### Records for this task
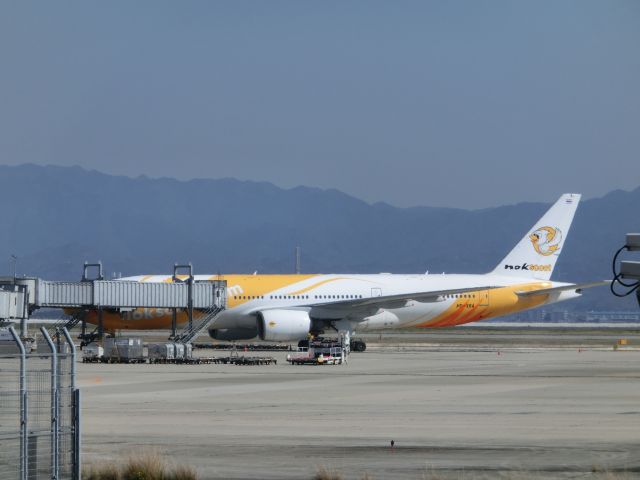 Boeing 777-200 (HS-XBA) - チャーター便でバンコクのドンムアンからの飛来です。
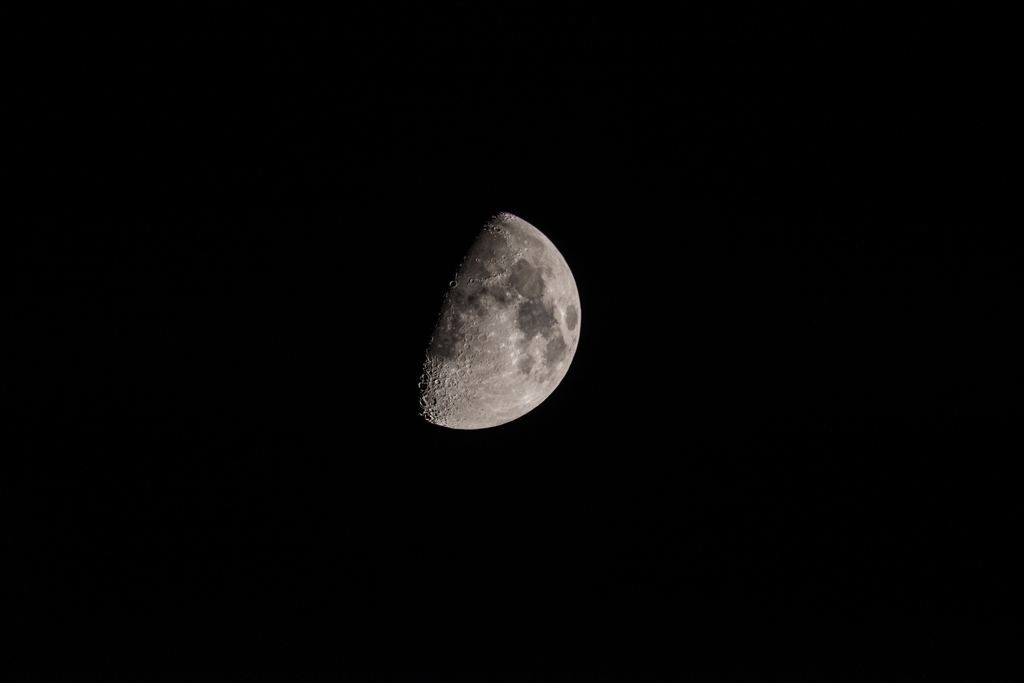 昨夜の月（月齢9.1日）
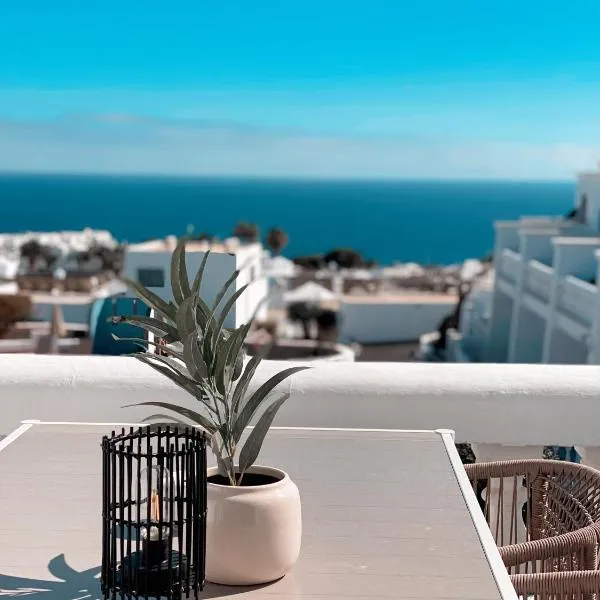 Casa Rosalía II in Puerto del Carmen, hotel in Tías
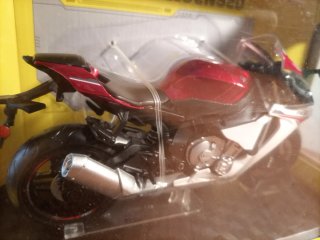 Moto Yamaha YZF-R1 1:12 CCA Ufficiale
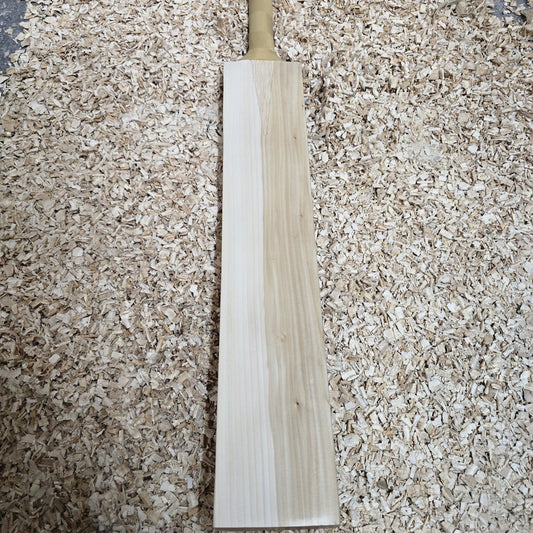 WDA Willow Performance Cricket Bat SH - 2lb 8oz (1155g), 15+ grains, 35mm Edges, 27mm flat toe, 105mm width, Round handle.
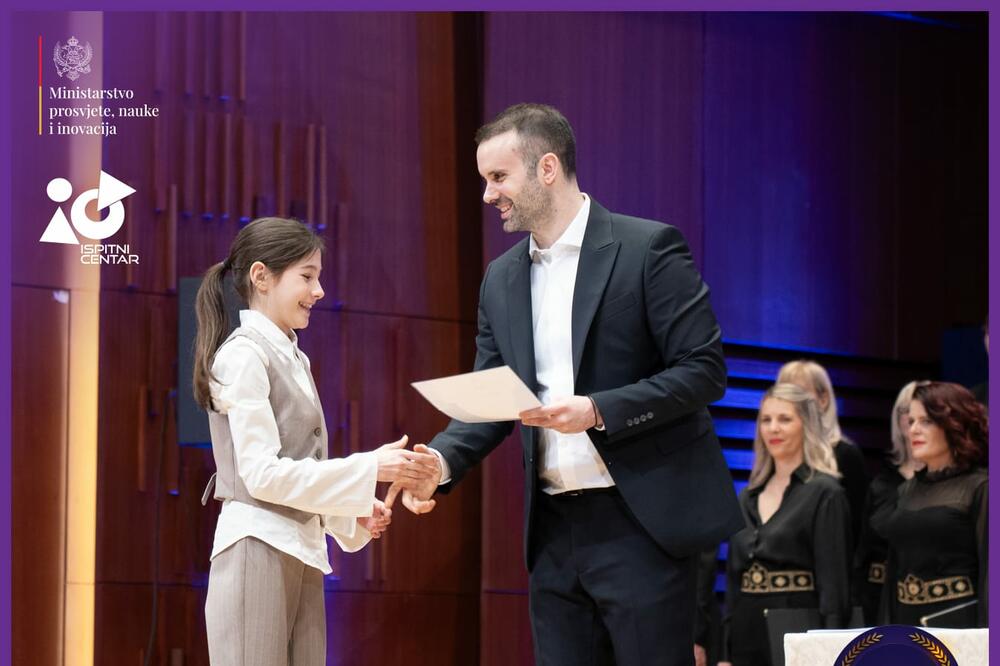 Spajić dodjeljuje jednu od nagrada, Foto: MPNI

==

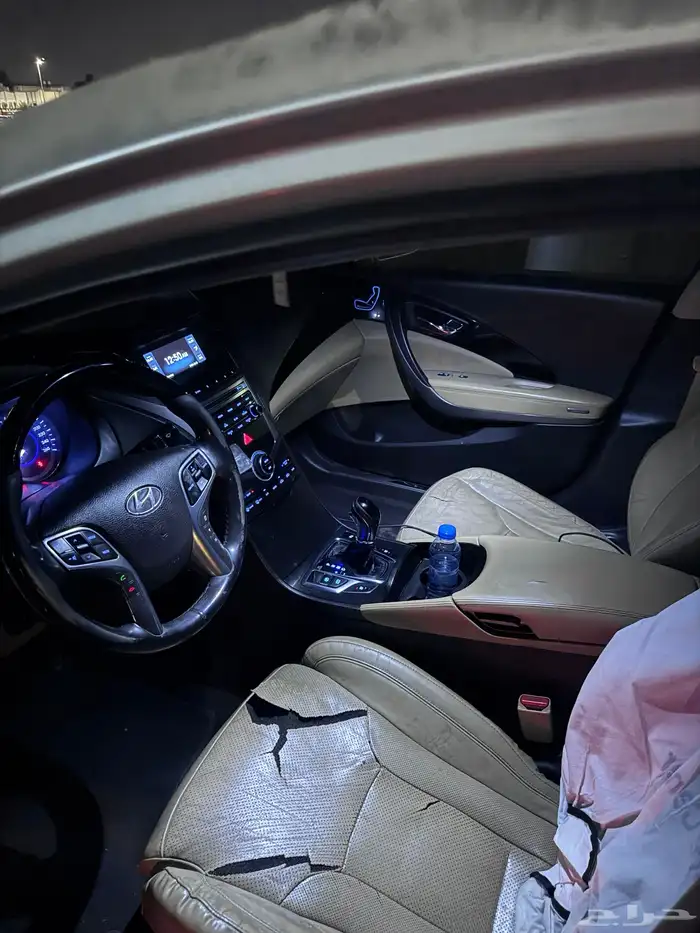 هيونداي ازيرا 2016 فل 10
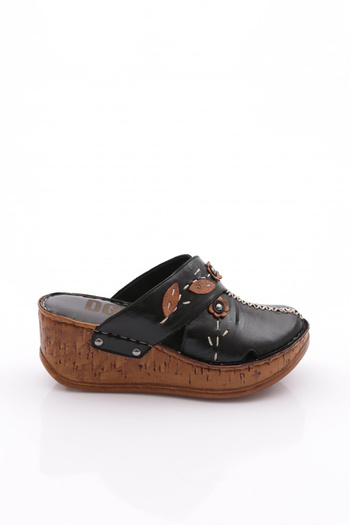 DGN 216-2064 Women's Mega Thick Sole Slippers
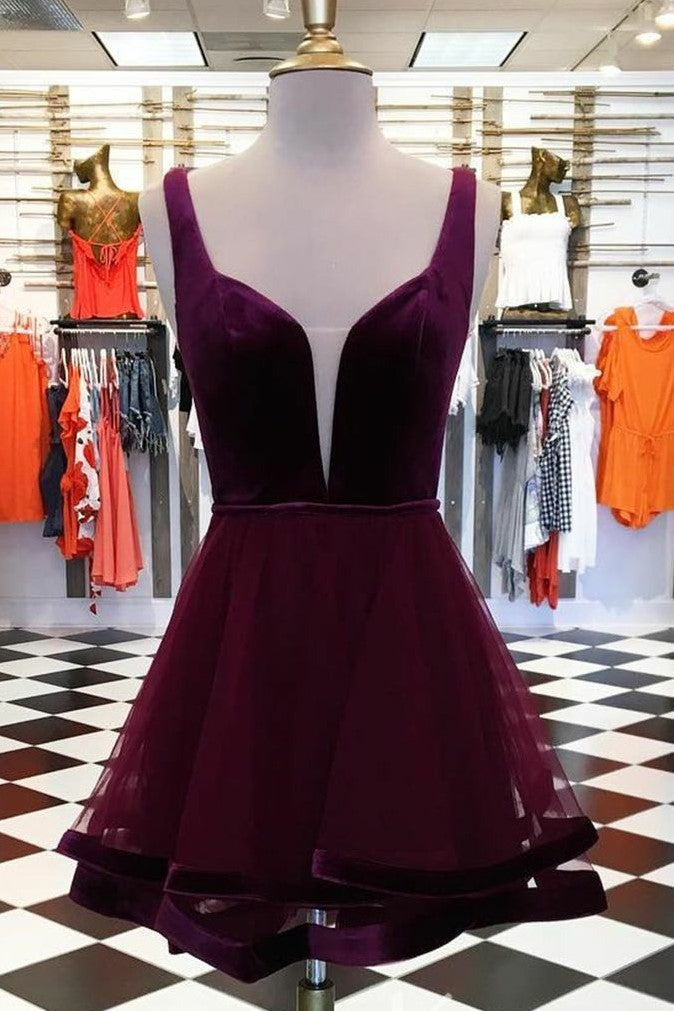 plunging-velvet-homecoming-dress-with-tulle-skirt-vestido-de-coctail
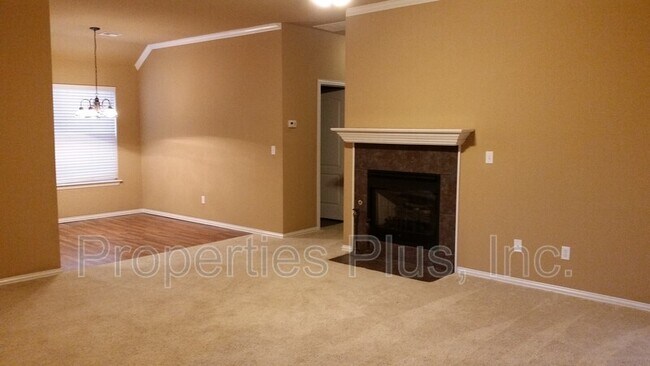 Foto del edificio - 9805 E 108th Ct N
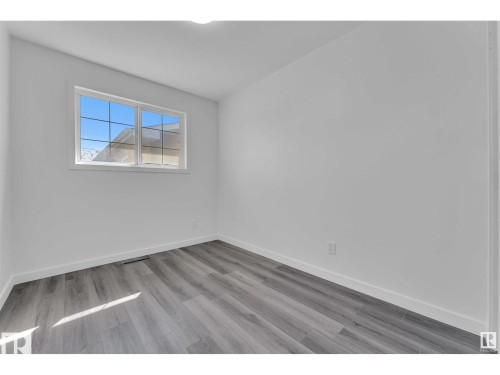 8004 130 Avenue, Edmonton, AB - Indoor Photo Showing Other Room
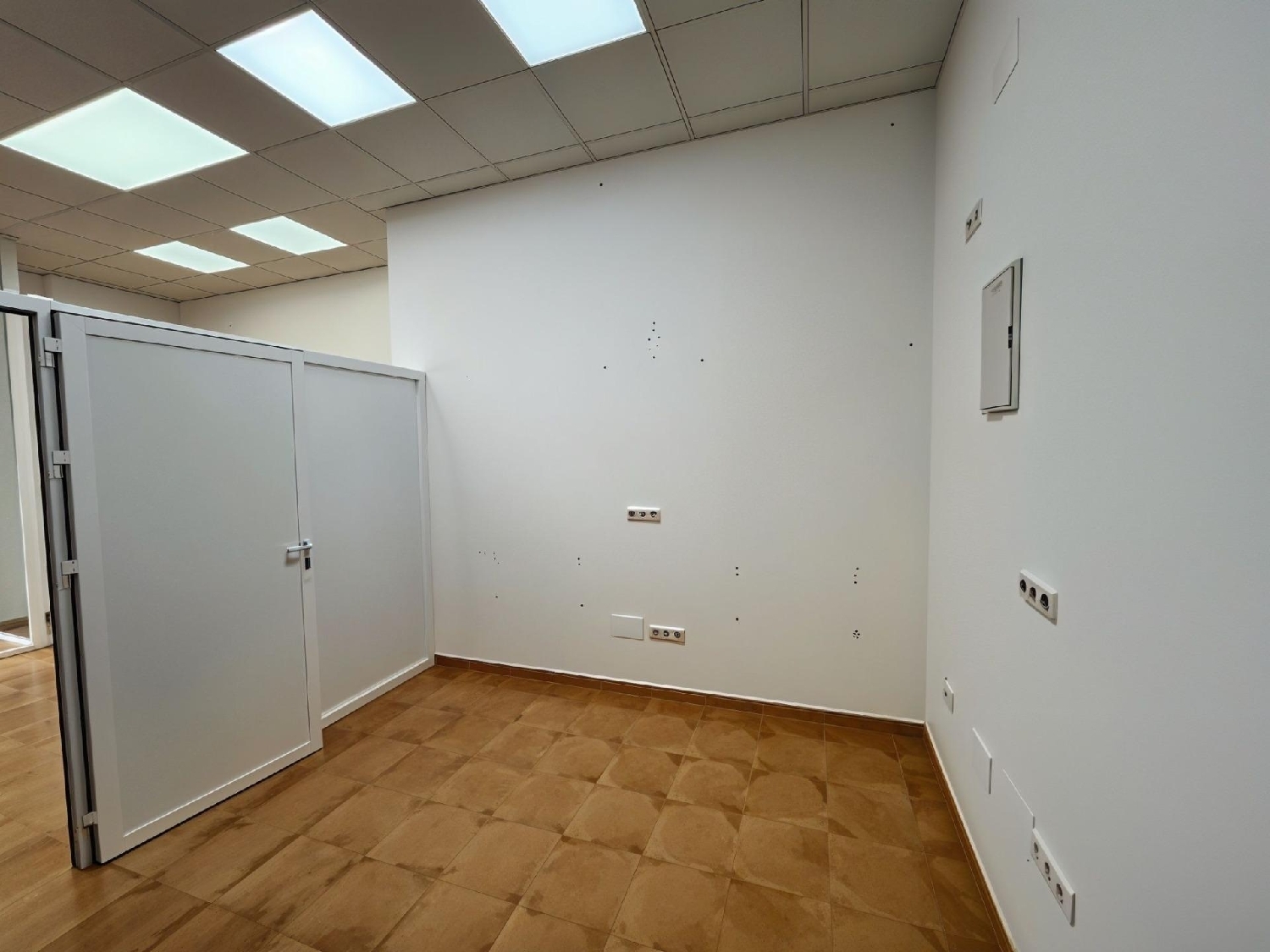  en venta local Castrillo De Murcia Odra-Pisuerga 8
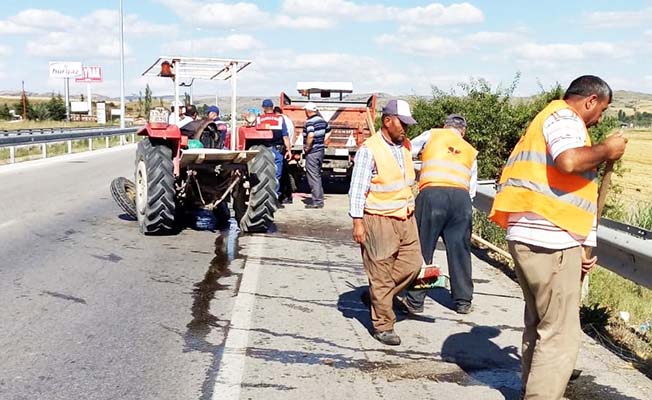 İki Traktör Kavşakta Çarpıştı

### What to do
The answer should consist only of the lines above from the one with "WDA Willow Performance" through the one with "Spajić dodjeljuje jednu", repeated exactly, with no pictures among them.

### Answer space
 WDA Willow Performance Cricket Bat SH - 2lb 8oz (1155g), 15+ grains, 35mm Edges, 27mm flat toe, 105mm width, Round handle.
 Spajić dodjeljuje jednu od nagrada, Foto: MPNI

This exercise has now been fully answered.